High-Pain Low-Gain Interviewing Has Gone On Long Enough

Updated: Feb 24, 2024

How much longer must hiring managers and job candidates tolerate the archaic and inept interview process that pervades the tech industry?



We strongly believe there's a link between the high rate of turnover in the tech industry and poor interview quality. While this makes staffing agencies and recruiters very rich, it does little good for engineers, interviewers and employers. Why is such a common ritual made to be so onerous? Why do companies struggle to find and keep the right people? Is it any wonder that a terrible process leads to terrible results?


We hope you might see this blog as something of a sequel to that great industry classic on team management, Peopleware: Productive Projects and Teams. At the very least, we attempt to build upon those foundations. The magic of that book is its unrelenting commitment to the idea that software developers are people, not machines, and should be handled as such. The authors recognize that the human factors trump everything else - yes, even in tech work - and we continue that commitment by coaching an interview design plan that focuses more on persons and less on procedural rigidity. The subtitle for this blog might have been “Becoming a Productive Interviewer in the Peopleware Way”.


For decades, as new college graduates have entered the tech workforce, they have been subject to poor interviewing practices that result in questionable hires and high turnover. Since it's all they know, they perpetuate a cycle of abuse by using the same poor practices on their own interviewees later. The result is an entire industry doing things in an old, broken way because it's all the workers have ever known. No one has bothered to coach them down a better path. But employees and employers agree that we'd all be much happier (and more profitable) if we could somehow get the right engineers in the right place.

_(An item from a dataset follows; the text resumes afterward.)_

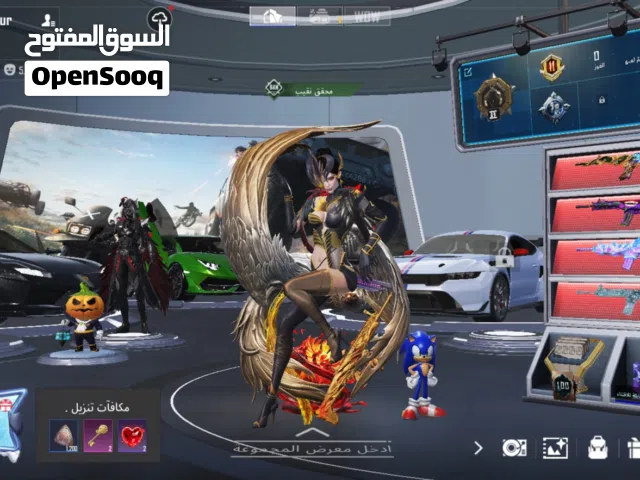 Pubg Accounts and Characters for Sale in Abu Dhabi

For those determined to read on and learn the good, bad, and ugly of engineer interviewing, much of what you find in here may strike you as simply common sense. Alas, as we are continually reminded through our interactions with other humans, common sense is anything but common. Congratulations if you find large portions of this guide mundane or repetitive. You should take that as a sign that you “get it” and don’t need the primer so many others never received. We ask that you share what you've learned and help us break the cycle of abuse.